American actor and comedian (1927–2019)

Sammy Shore (February 7, 1927 – May 18, 2019) was an American actor, stand-up comedian and co-founder of The Comedy Store.

== Early life ==

Sammy Shore was born in 1927 in New York City at the start of the Great Depression in the United States. He grew up in a traditional household with Jewish parents.

== Career ==

Shore began his career doing stand-up comedy with Shecky Greene in the Catskill Mountains. He was chosen, in 1969, to open for Elvis Presley’s comeback performance at the International Hotel, Las Vegas. He then opened for Elvis’ road shows until 1972. Shore continued to perform comedy, opening for Tony Orlando, Tony Bennett, Barbra Streisand, Sammy Davis Jr. and others. Shore served in the U.S. Navy during World War II.

On April 7, 1972, he founded the Comedy Store with his writing partner Rudy De Luca. In 1974, his ex-wife, Mitzi, became the owner of the club. The club launched the careers of many comedians including Rodney Dangerfield, David Letterman, Eddie Murphy, Robin Williams, Jim Carrey, and Joe Rogan, also including his own son, Pauly.

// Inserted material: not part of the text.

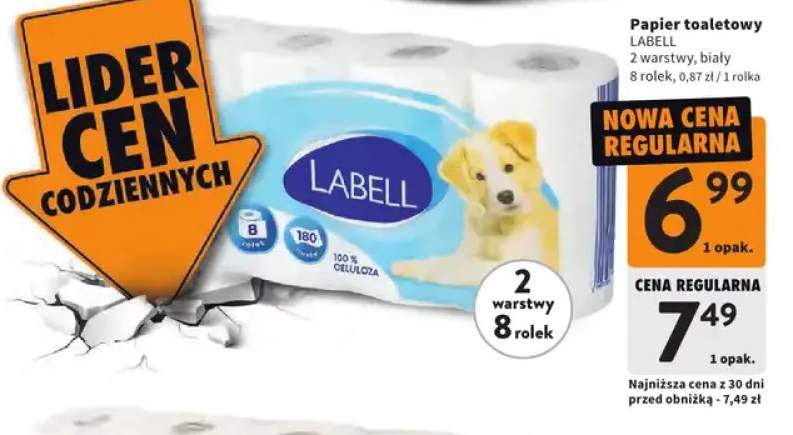 Papier toaletowy biały 2 warstwy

Shore appeared in many films including The Bellboy with Jerry Lewis and both Life Stinks and History of the World Part 1 from Mel Brooks. He appeared on The Ed Sullivan Show and was on Sanford and Son.

Shore was voted Best Comedy Act in Atlantic City, New Jersey, and the Los Angeles Board of Supervisors named a day after him on July 24, 1990. He appeared at Harrah's Casinos and hotels more than any other entertainer.

== Personal life ==
Shore was married to Mitzi for 24 years, and was the father of four, including actor and comedian Pauly Shore. Shore married Suzanne Dennie in 1990. She was Miss Alabama in 1970. They remained together until his death in Las Vegas, Nevada of natural causes at the age of 92.